This deal would see significant powers transferred to the North East from central government and offers a potential £4.2bn investment into the region:
This deal comes with the next mayoral election in 2024 where North of Tyne Combined Authority (NATC) and North East Combined Authority (NECA) would combine into one new council, an area which would encompass around 2 million people.
Cabinets of seven local authorities agreed to the terms of the devolution deal and the next stage of the plans, which includes public consultation; residents, businesses, and other stakeholders can give their feedback online or by attending a number of face-to-face or virtual events taking place across the North East. At the end of the consultation period, which ends on the 23rd of March, a report will be brought back to each Cabinet with a summary of the responses. Any proposed submissions by the Councils will be sent to the Secretary of State to consider before laying an order in parliament.
The phrase ‘Wider and deeper’ has been used repeatedly around this deal. ‘Wider’ is certainly true as the new authority would be some 3000 square miles bigger than previously thought with the addition of South Tyneside, Gateshead, Sunderland, and County Durham. While ‘Deeper’ is used to refer to the greater powers this new council would receive in housing, skills, and transport. Transport will be a big focus of this new council as it gains control of the Tyne and Wear metro, subsidised buses, and Shields ferry.
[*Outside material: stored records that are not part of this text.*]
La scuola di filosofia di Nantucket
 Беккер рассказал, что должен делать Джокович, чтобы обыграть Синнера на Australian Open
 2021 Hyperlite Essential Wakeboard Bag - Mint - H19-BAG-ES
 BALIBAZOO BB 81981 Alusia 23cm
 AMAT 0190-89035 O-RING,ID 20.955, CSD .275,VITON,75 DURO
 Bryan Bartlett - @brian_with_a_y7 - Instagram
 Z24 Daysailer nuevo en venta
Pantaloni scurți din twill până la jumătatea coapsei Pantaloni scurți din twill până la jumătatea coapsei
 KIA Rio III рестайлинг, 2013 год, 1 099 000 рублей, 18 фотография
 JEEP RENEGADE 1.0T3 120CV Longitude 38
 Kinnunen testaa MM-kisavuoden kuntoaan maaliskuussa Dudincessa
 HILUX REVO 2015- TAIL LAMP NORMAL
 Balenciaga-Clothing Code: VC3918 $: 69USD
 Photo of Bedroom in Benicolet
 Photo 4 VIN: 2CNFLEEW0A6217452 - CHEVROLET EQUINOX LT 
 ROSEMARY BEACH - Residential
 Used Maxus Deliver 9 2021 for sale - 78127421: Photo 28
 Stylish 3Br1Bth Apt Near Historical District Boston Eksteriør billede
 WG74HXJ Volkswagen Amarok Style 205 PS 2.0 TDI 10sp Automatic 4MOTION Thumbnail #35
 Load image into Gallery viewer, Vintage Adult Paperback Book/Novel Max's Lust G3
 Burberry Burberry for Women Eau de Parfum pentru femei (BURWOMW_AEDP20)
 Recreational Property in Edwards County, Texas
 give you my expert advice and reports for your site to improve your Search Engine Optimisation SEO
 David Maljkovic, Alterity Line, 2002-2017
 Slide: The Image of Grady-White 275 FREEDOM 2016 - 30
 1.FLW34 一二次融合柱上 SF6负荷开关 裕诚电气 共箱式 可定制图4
As we learn about the process of devolution in England, it seems that deals like these are a foundation to build up from, Mayors regularly negotiate for further funding, like in the case of Greater Manchester where the combined authority spent almost double the amount set out in its initial deal after further negotiations. It seems that this deal is a starting point for the new, combined northeast and, if nothing else, as the deal is discussed and debated, many councillors have noted that they’ve “never known the North East as united as this” and that if we keep discussions open and stay united, the North East is in a ‘prime position’ for the future.